The housing market is on the brink of a new boom, according to reports today showing London prices rising at the fastest pace since Labour came to power and the sales volume hitting record levels across the UK.
Central London property prices grew by 23.5 per cent in the 12 months to September 2006 - the highest rate since June 1997, the previous peak marked by Tony Blair's first election victory.
Hometrack, a property website, said UK price rises had hit a two-year high of 4.3 per cent while another report showed that a record number of homes changed hands in September.
The reports will heighten speculation that the Bank of England will raise interest rates to curb the boom in November - but perhaps as soon as this week.
Knight Frank, the London estate agency that compiled the figures, said prices in the heart of the capital had jumped by 2.2 per cent in September alone.
"September was an extraordinary month for the prime London market," said Liam Bailey, its head of residential research. "Buyers came back into the market in serious numbers after the summer break.
"Our records reveal the number of buyers registered to purchase property in central London is 111 per cent higher than the same period last year."
The upturn is not confined to London, the other surveys showed.

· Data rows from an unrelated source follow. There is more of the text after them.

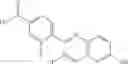 Fig. 71 - Substituted bicyclic aromatic compounds as S-nitrosoglutathione reductase inhibitors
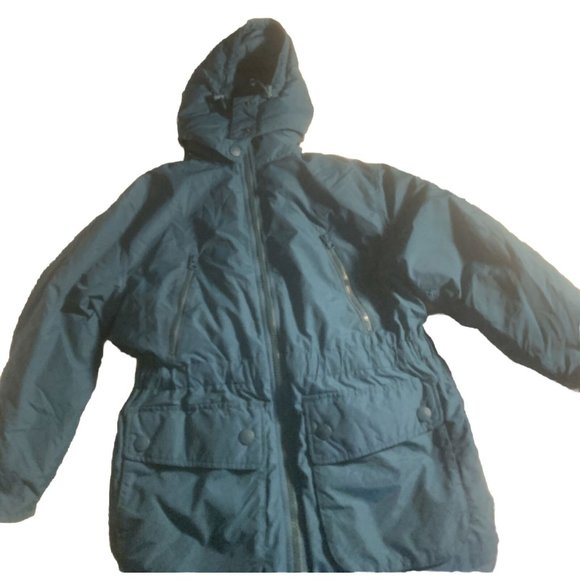 Eddie Bauer Parkas Plus Coats, Jackets & Vests for Women for sale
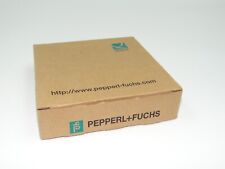 Pepperl fuchs kfd2 gebraucht kaufen  Barleben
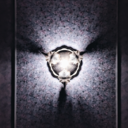 ironchopshopbird avatar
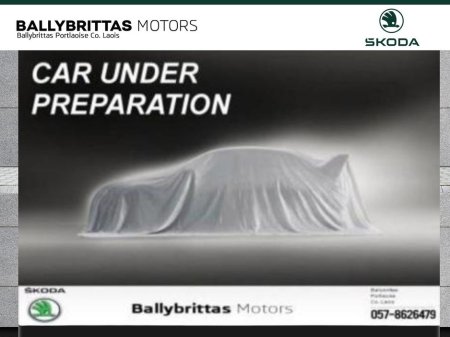 2023 Peugeot 5008 1.5 BlueHDi 130bhp Allure Auto thumbnail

Hometrack said the value of the average home rose 0.4 per cent over September, taking the annual rate of house price inflation to a two-year high of 4.3 per cent.
"Despite the rate increase in August, house prices continue to rise as we start the autumn selling season," said Richard Donnell, Hometrack's research director.
"Prices have risen in nine out of 10 regions over September, largely on the back of a decline in the volume of homes available for sale over the month. This lack of supply, set against rising levels of demand, is providing extra impetus for house prices - negating the impact of the recent increase in interest rates."
An index produced by Your Move, a network of estate agents' chains, showed that home sales surged by 22 per cent to above 175,000 in September. The transactions have pushed the volume of homes still on the market down by 10 per cent, to the lowest level since 2004.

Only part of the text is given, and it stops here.